Gaeco e PM prende quadrilha que roubava trens em SP

Em uma grande operação, denominada Ferrorama, a Polícia Militar e o Grupo de Atuação Especial de Combate ao Crime Organizado (Gaeco), de São José do Rio Preto (SP), prenderam cerca de 40 pessoas suspeitas de integrar uma quadrilha que teria furtado mais de R$ 30 milhões de produtos, especialmente combustíveis, dos trens da malha paulista da América Latina Logística (ALL).

CHICO SIQUEIRA, ESPECIAL PARA A AE, Estadão Conteúdo

06 Agosto 2014 | 17h05

Entre os presos estão donos de postos de combustíveis e fazendeiros, acusados de receptação dos combustíveis, além de 11 seguranças que teriam facilitado a ação da quadrilha, que era investigada havia mais de seis meses pelo Ministério Público.

Promotores da Gaeco e cerca de 250 PMs participaram da ação - que teve apoio de cães e do helicóptero Águia.
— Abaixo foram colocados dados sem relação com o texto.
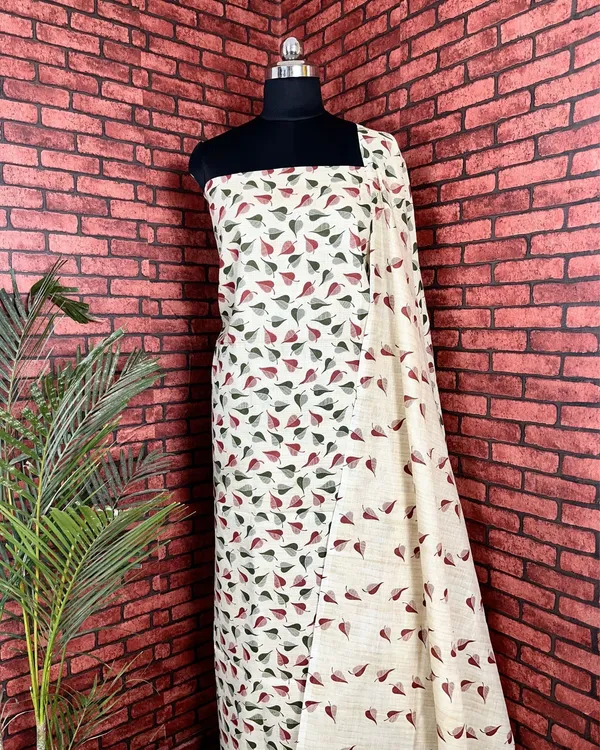 Blossom_Leafy_Blockprinted_Khadi_Silk_Beige_Suit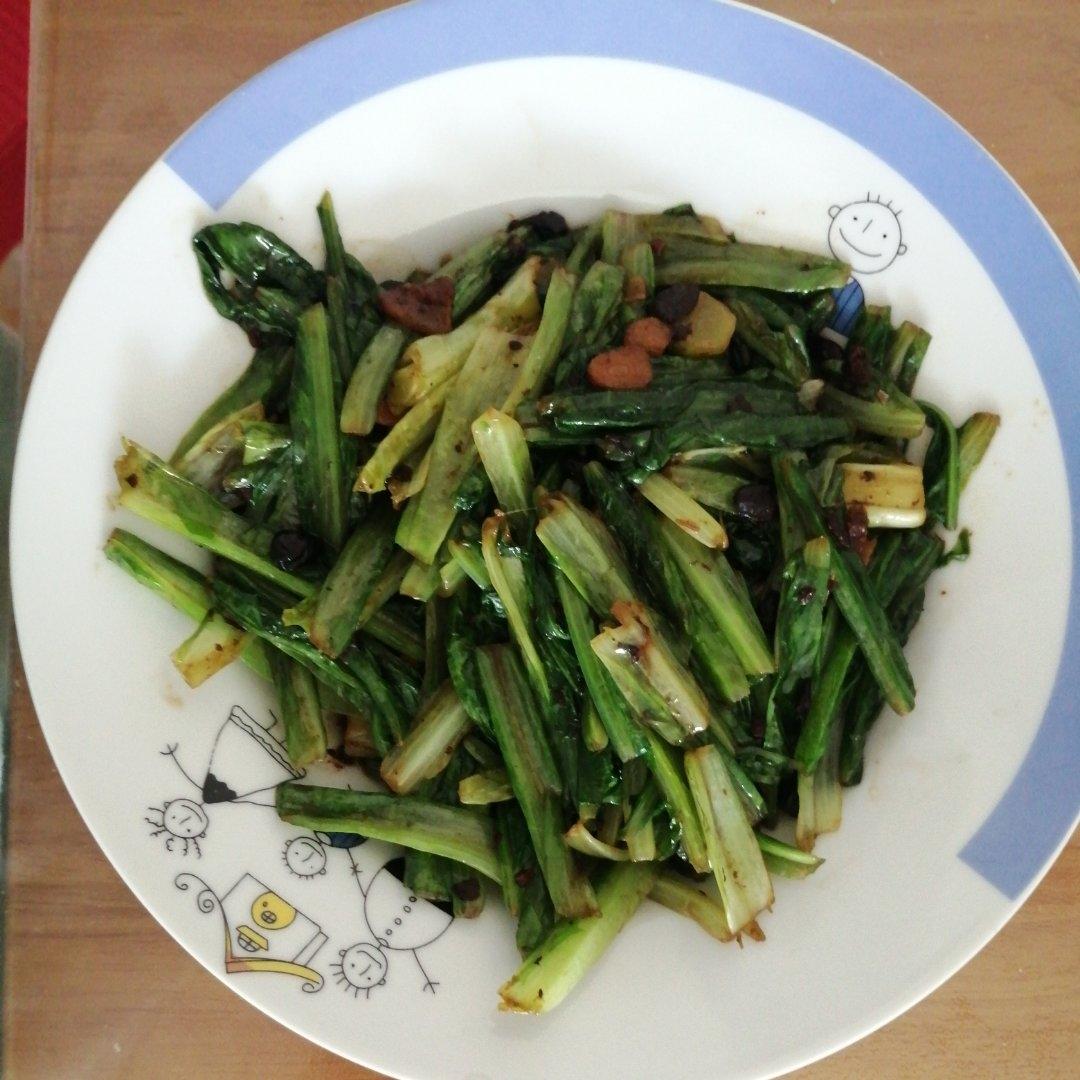 豆豉油麦菜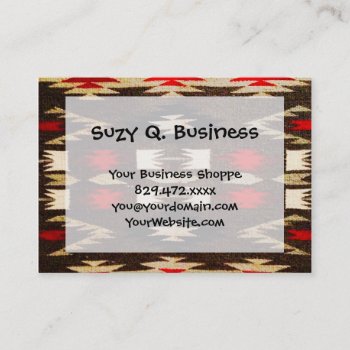 Native American Tribal Design Print Business Card by OldCountryStore at Zazzle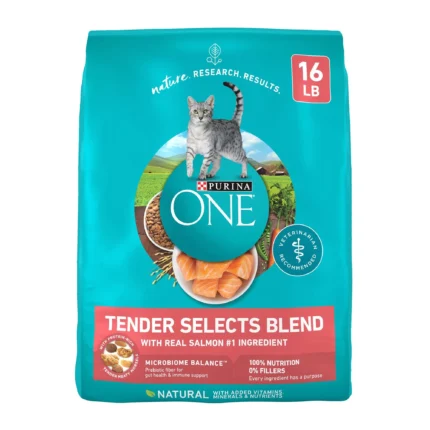 Purina® ONE® Tender Selects Adult Cat Dry Food - Salmon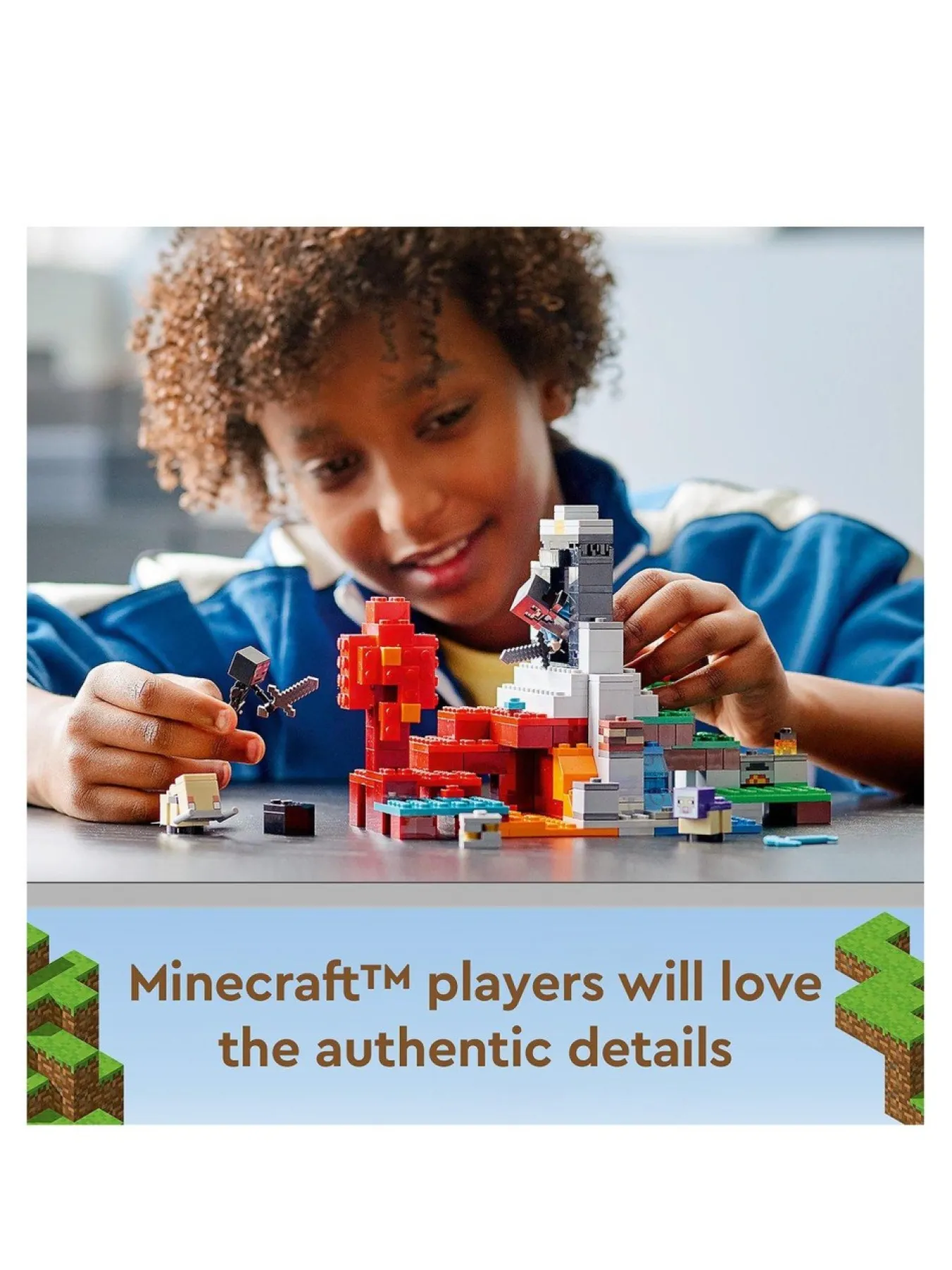 * Lego Minecraft The Ruined Portal Building Set 21172* Lego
Foram cumpridos 59 mandados de prisão temporária e 67 mandados de busca e apreensão em cidades das regiões de Catanduva, São José do Rio Preto e Ribeirão Preto.

Só em Santa Adélia, na região de Catanduva, onde estaria o núcleo e os principais integrantes da quadrilha, 23 suspeitos foram detidos e levados ao Fórum e à Delegacia de Polícia da cidade para prestar depoimentos. Donos de postos de combustíveis e proprietários rurais comprovam os combustíveis abaixo dos preços de mercado para revender em seus postos ou usar para abastecer as máquinas agrícolas em suas propriedades rurais.

De acordo com o promotor João Santaterra, do Gaeco de Rio Preto, as investigações surgiram em dezembro quando a promotoria criminal de Santa Adélia acionou o grupo para o caso. "A promotoria nos revelou uma prática endêmica de crimes ocorridos ao longo da linha férrea", disse o promotor à imprensa.

Segundo Santaterra, a quadrilha cooptava moradores para atuar no furto de grãos e açúcar, mas especialmente, de combustíveis. Eles eram auxiliados pelos seguranças, que abriam os vagões ou fingiam não ver os furtos. Os produtos eram estocados por períodos curtos de tempo para serem entregues aos grupos responsáveis pela receptação.

"Era uma quadrilha muito bem organizada, com várias células diferenciadas com seus cabeças que articulavam os furtadores", disse. Segundo o promotor, a quadrilha deu prejuízo superior a R$ 30 milhões à ALL. A empresa informou que estava colaborando com as autoridades e que espera o fim das investigações para comentar o assunto.